= Beginning of Section =
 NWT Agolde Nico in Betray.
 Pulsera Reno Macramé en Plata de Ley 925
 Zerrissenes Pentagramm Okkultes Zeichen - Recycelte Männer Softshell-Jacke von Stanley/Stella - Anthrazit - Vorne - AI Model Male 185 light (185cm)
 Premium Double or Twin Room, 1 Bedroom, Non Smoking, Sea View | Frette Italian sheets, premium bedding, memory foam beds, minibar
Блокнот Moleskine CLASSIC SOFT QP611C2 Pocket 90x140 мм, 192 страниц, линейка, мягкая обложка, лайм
= End of Section =
= Beginning of Section =
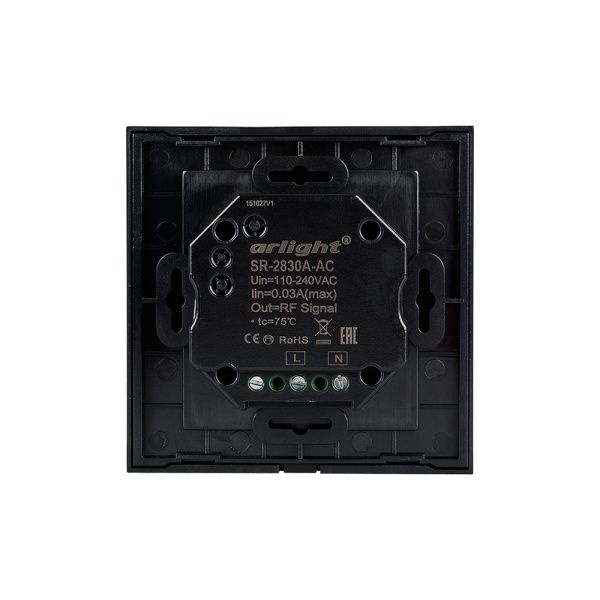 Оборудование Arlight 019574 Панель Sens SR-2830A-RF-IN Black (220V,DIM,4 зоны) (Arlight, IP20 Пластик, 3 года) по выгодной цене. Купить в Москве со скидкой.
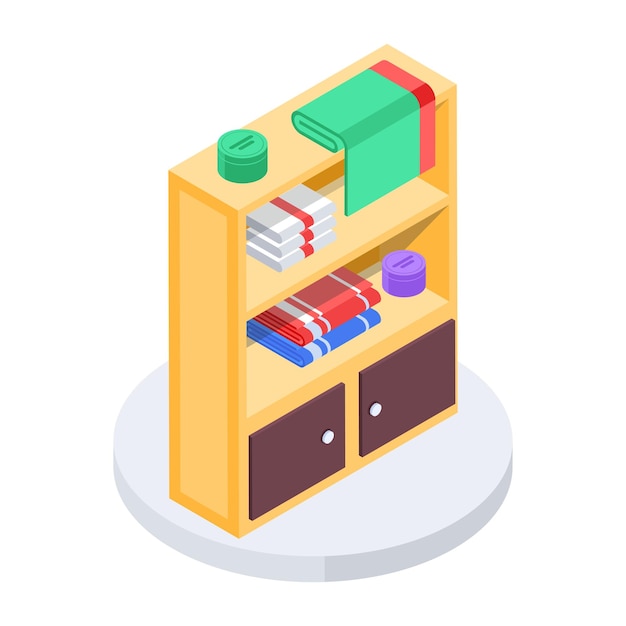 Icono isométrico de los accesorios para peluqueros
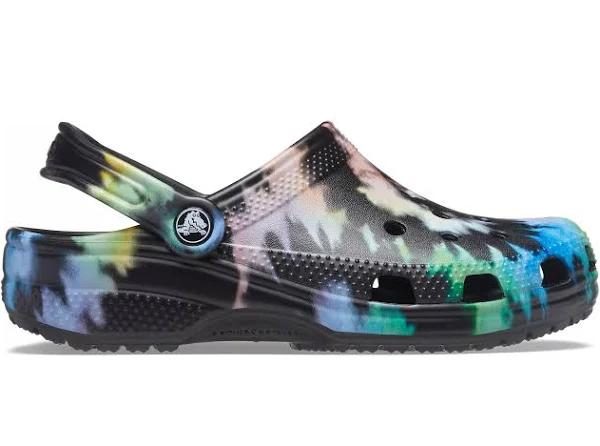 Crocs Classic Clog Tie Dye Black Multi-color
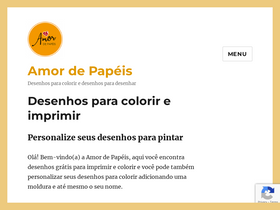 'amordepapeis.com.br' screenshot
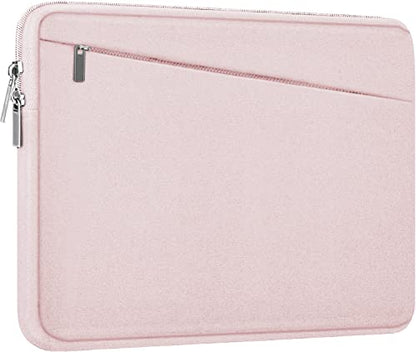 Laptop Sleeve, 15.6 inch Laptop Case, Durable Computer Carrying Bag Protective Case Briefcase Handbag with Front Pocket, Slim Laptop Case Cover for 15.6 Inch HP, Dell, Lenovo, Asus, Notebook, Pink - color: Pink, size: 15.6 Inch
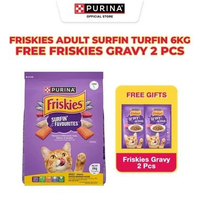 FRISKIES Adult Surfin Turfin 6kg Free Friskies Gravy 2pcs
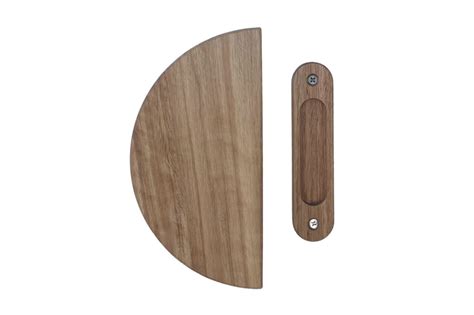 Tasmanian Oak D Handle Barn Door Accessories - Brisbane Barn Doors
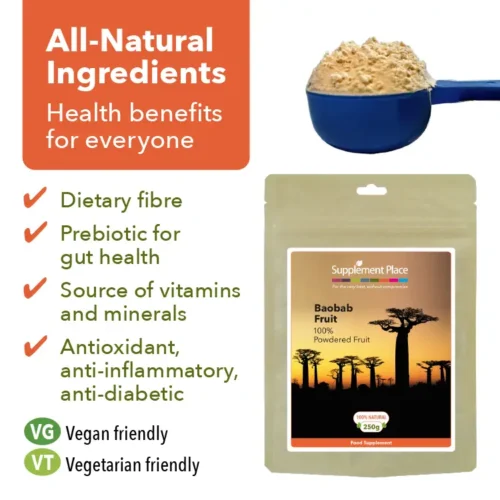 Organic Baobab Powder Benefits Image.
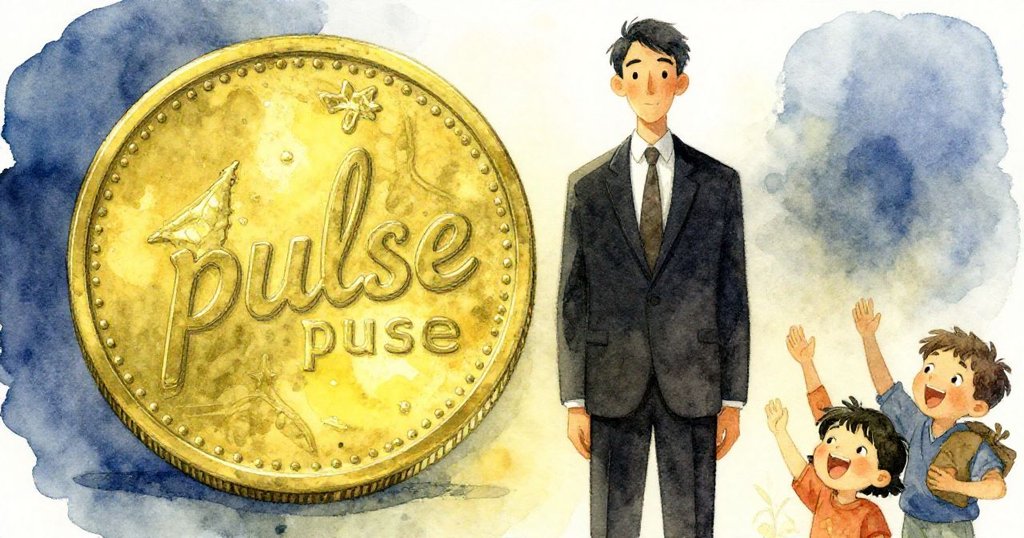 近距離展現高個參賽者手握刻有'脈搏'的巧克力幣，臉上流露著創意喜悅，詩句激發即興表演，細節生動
= End of Section =
= Beginning of Section =
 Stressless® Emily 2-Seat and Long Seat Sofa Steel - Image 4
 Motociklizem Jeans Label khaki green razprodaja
= End of Section =
-- Task directions --
Write out, word for word, the stretch of entries that begins at the line with "Tasmanian Oak D" and ends at the line with "近距離展現高個參賽者手握刻有". Pictures do not belong in it.

-- Expected output --
 Tasmanian Oak D Handle Barn Door Accessories - Brisbane Barn Doors
 Organic Baobab Powder Benefits Image.
 近距離展現高個參賽者手握刻有'脈搏'的巧克力幣，臉上流露著創意喜悅，詩句激發即興表演，細節生動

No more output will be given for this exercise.